▶ WHAT YOU HAVE TO DO: With the pictures left out, retype exactly the lines below starting at the line that contains "Estudiantes mexicanos en" and ending at the line that contains "Schake Absperrpfosten Typ".

Start of INPUT RECORDS

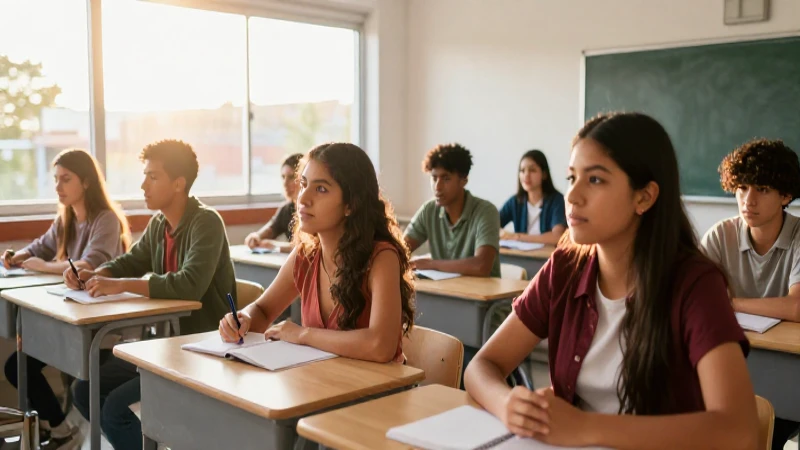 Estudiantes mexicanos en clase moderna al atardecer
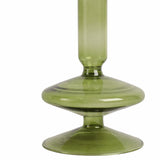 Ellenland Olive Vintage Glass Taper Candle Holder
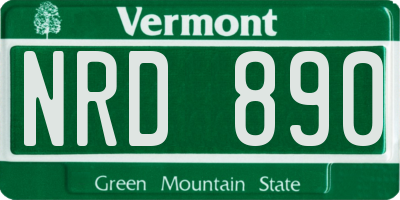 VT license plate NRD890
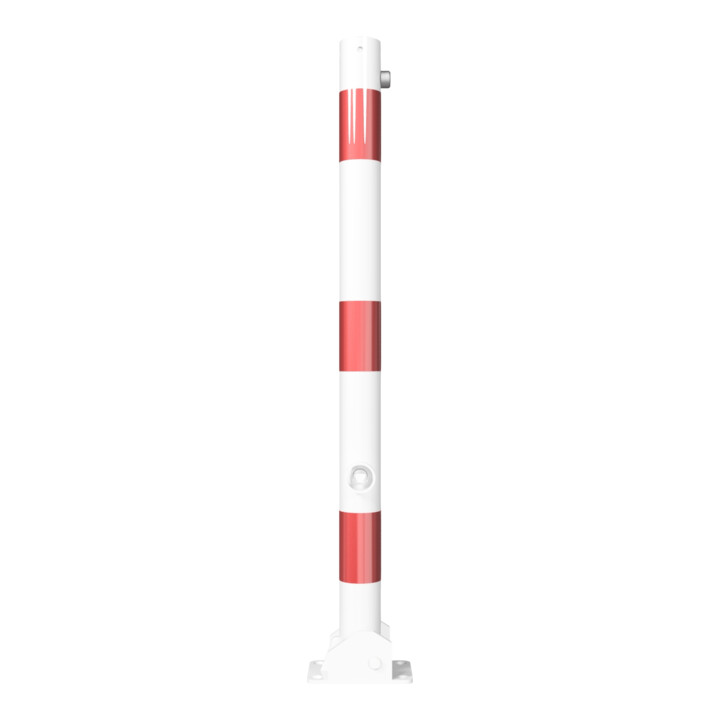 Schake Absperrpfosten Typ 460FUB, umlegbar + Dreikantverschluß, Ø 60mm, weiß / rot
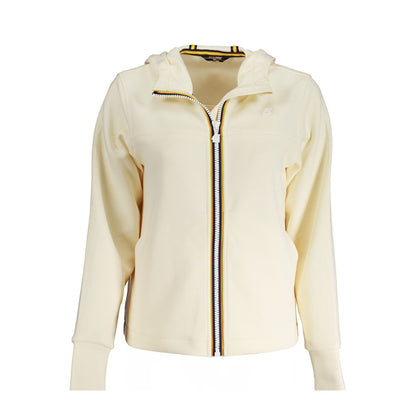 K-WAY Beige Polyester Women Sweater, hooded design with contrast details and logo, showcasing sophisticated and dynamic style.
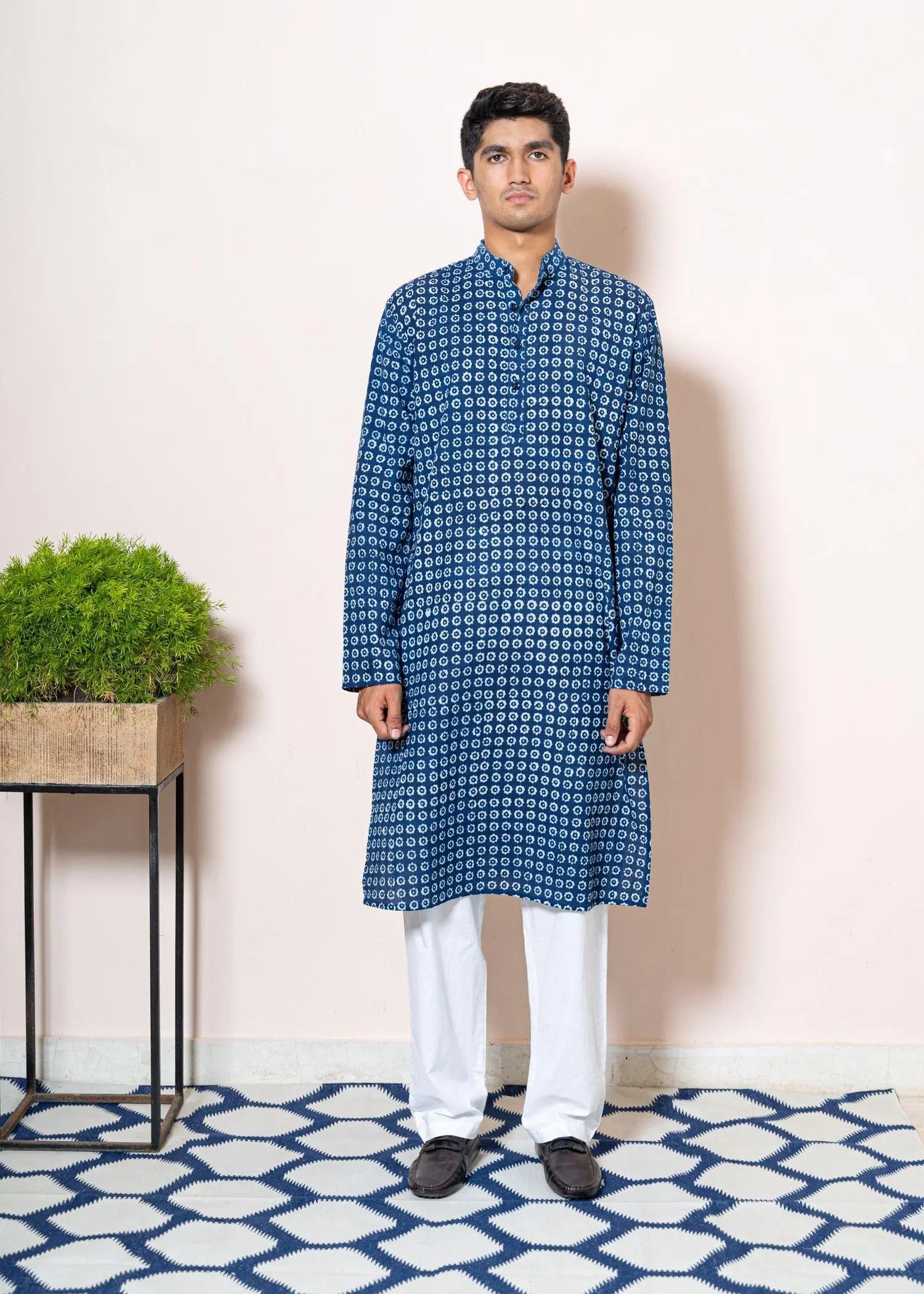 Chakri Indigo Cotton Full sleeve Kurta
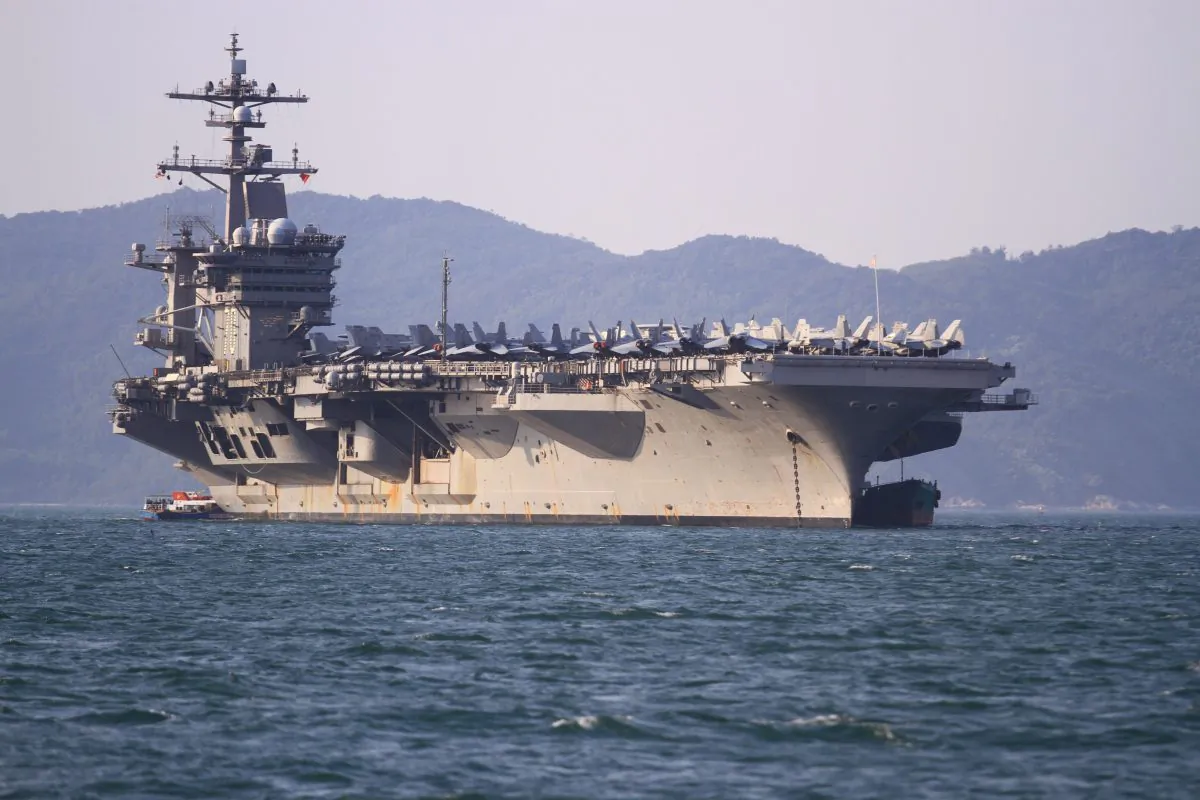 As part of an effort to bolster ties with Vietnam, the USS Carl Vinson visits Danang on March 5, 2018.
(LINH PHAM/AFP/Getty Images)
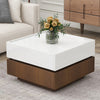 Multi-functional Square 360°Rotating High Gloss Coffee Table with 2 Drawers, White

End of INPUT RECORDS
Start of INPUT RECORDS

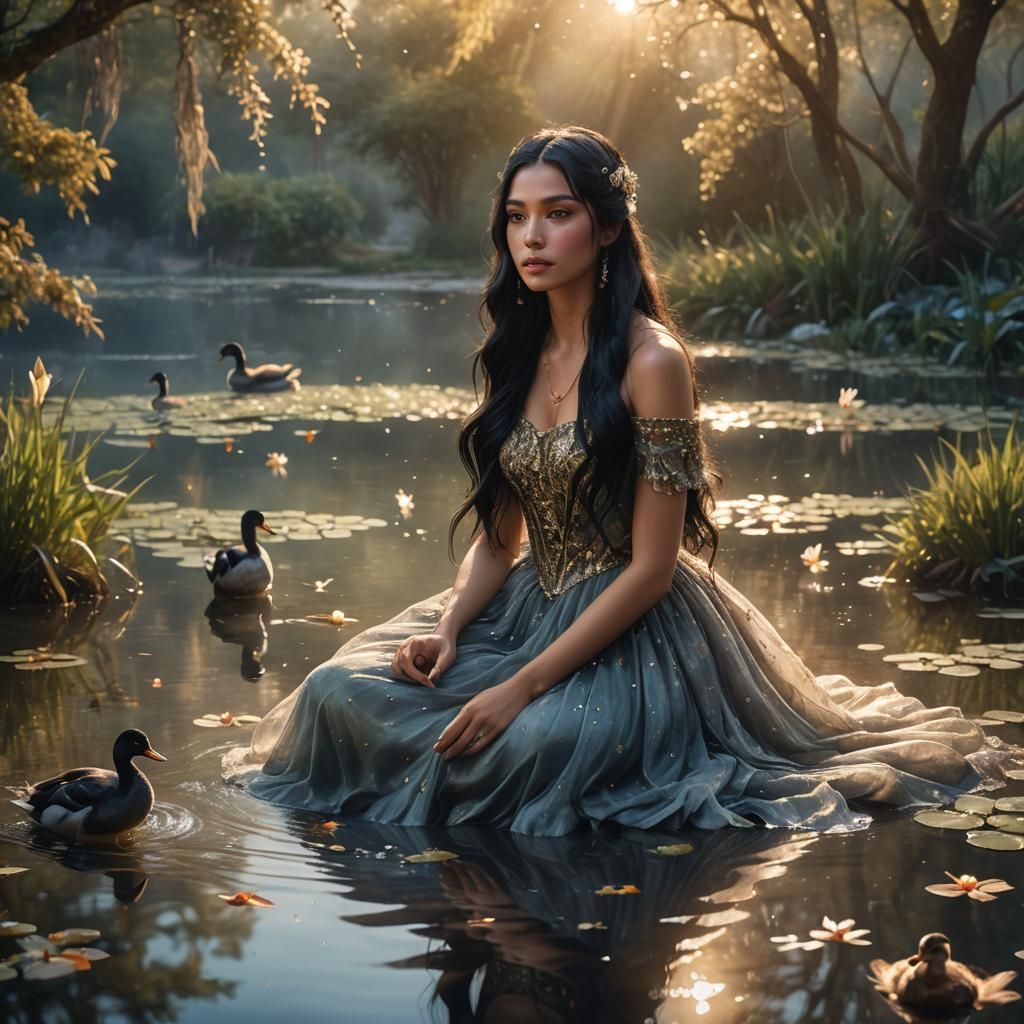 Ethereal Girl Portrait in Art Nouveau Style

End of INPUT RECORDS

▶ YOUR RESPONSE:
 Estudiantes mexicanos en clase moderna al atardecer
 Ellenland Olive Vintage Glass Taper Candle Holder
 VT license plate NRD890
 Schake Absperrpfosten Typ 460FUB, umlegbar + Dreikantverschluß, Ø 60mm, weiß / rot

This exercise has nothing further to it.